§ **SOURCE MATERIAL**:
((

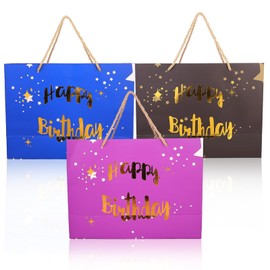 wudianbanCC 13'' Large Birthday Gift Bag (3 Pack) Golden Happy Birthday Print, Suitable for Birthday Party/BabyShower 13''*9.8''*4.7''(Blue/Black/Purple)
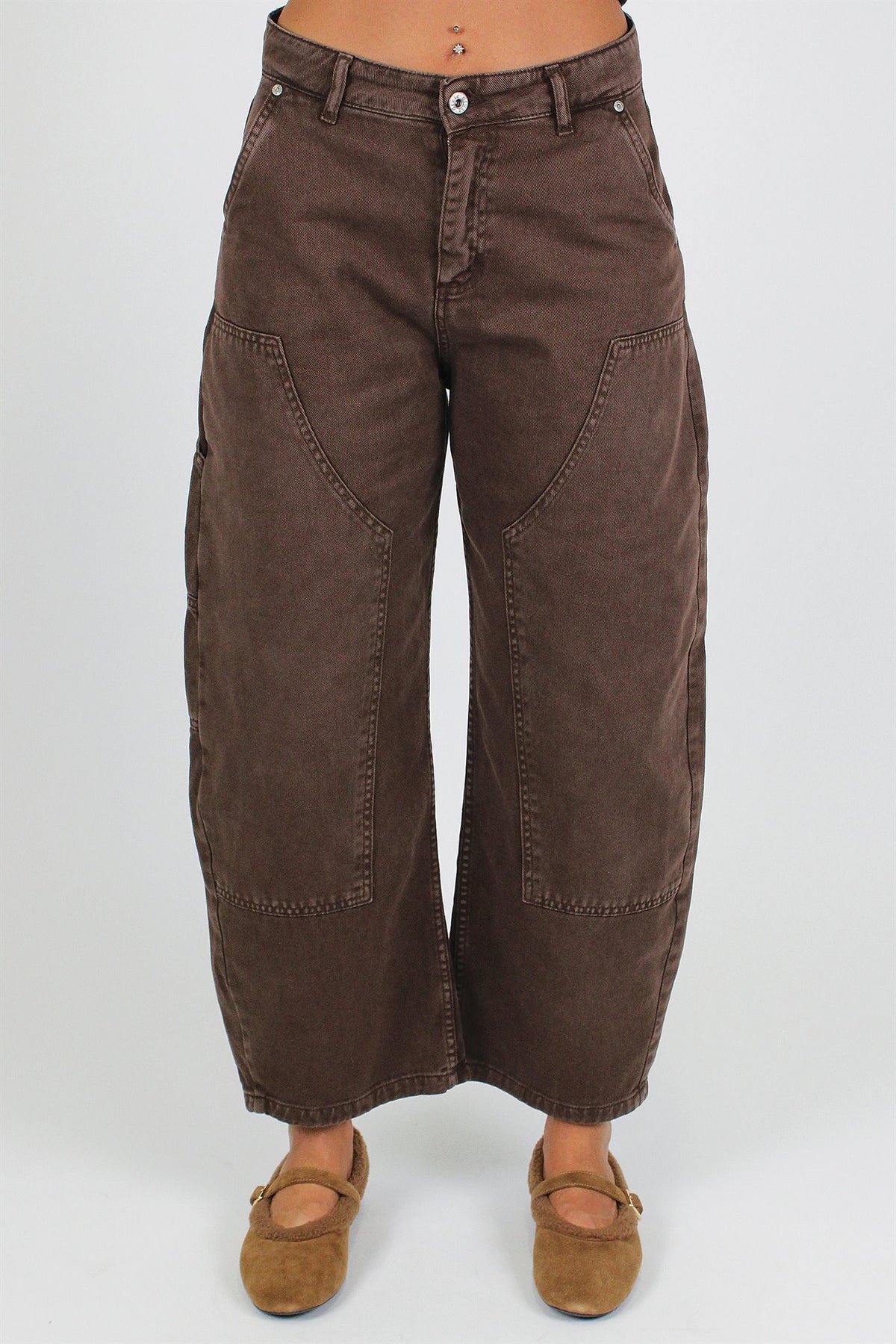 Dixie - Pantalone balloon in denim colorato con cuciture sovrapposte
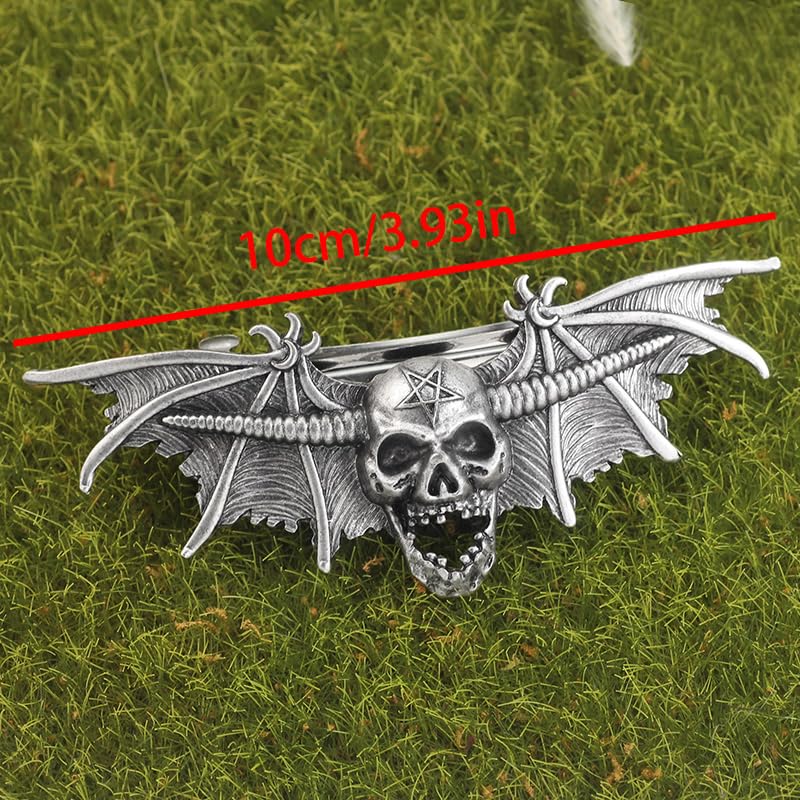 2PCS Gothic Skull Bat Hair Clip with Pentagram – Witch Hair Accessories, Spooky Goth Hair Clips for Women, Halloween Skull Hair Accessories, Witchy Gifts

))
((

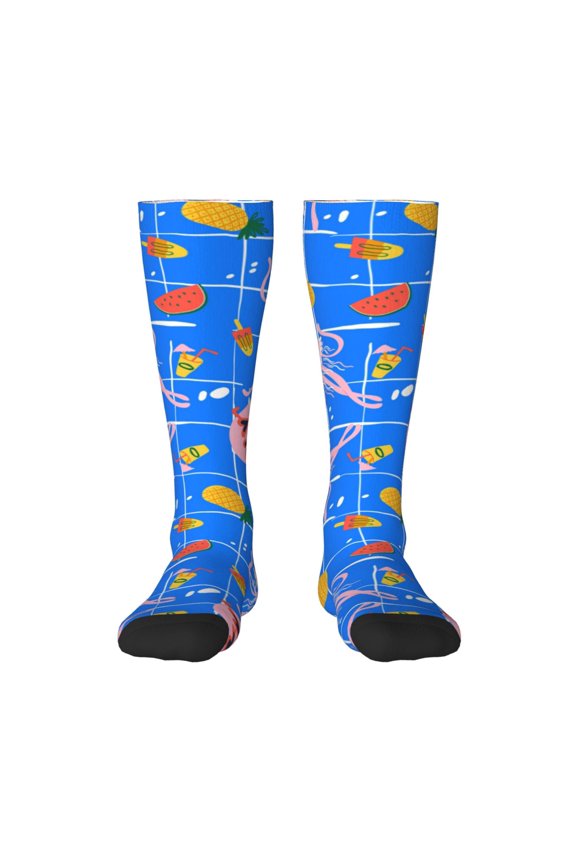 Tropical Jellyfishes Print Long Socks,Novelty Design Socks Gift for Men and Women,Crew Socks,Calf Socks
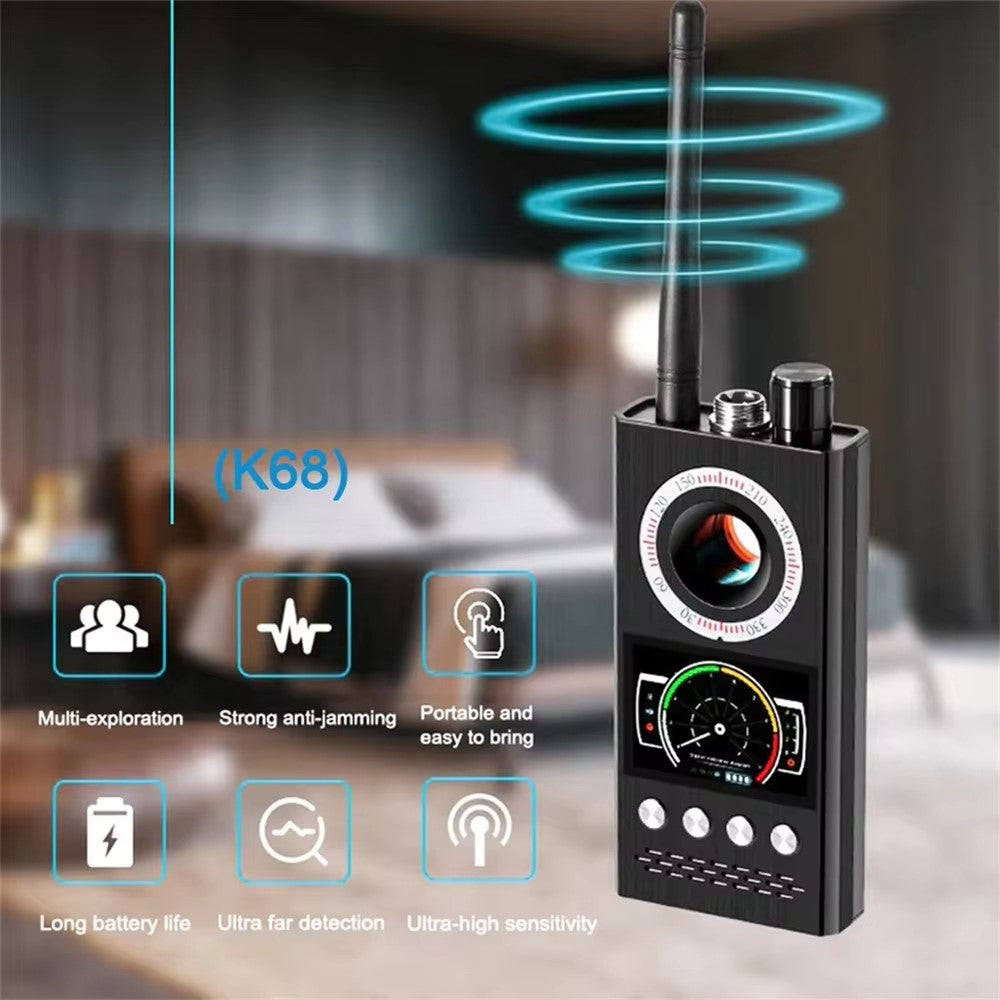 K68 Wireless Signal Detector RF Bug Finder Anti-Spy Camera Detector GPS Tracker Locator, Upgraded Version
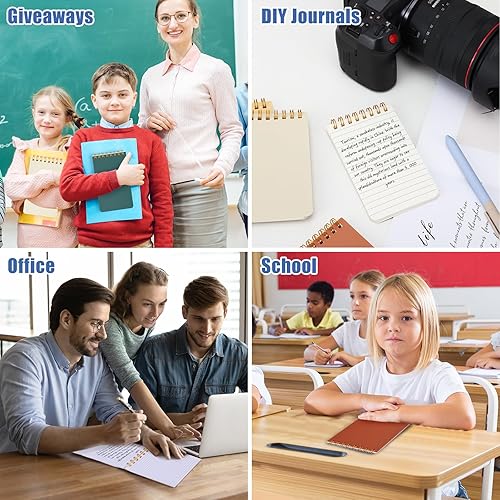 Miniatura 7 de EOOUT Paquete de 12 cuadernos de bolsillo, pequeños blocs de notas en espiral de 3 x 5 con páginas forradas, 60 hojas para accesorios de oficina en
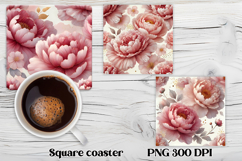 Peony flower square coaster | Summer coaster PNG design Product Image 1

))
((

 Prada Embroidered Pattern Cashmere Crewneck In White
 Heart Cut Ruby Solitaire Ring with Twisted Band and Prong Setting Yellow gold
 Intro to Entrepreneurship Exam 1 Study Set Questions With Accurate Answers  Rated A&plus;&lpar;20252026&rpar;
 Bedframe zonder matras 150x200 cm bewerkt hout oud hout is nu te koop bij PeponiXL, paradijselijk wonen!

))

§ **ABOUT THIS EXERCISE**: Transcribe, word for word, the lines of the listing above from the one that contains "K68 Wireless Signal" through the one that contains "Peony flower square", keeping both ends and dropping the pictures.

§ **FINAL ANSWER**:
 K68 Wireless Signal Detector RF Bug Finder Anti-Spy Camera Detector GPS Tracker Locator, Upgraded Version
 Miniatura 7 de EOOUT Paquete de 12 cuadernos de bolsillo, pequeños blocs de notas en espiral de 3 x 5 con páginas forradas, 60 hojas para accesorios de oficina en
 Peony flower square coaster | Summer coaster PNG design Product Image 1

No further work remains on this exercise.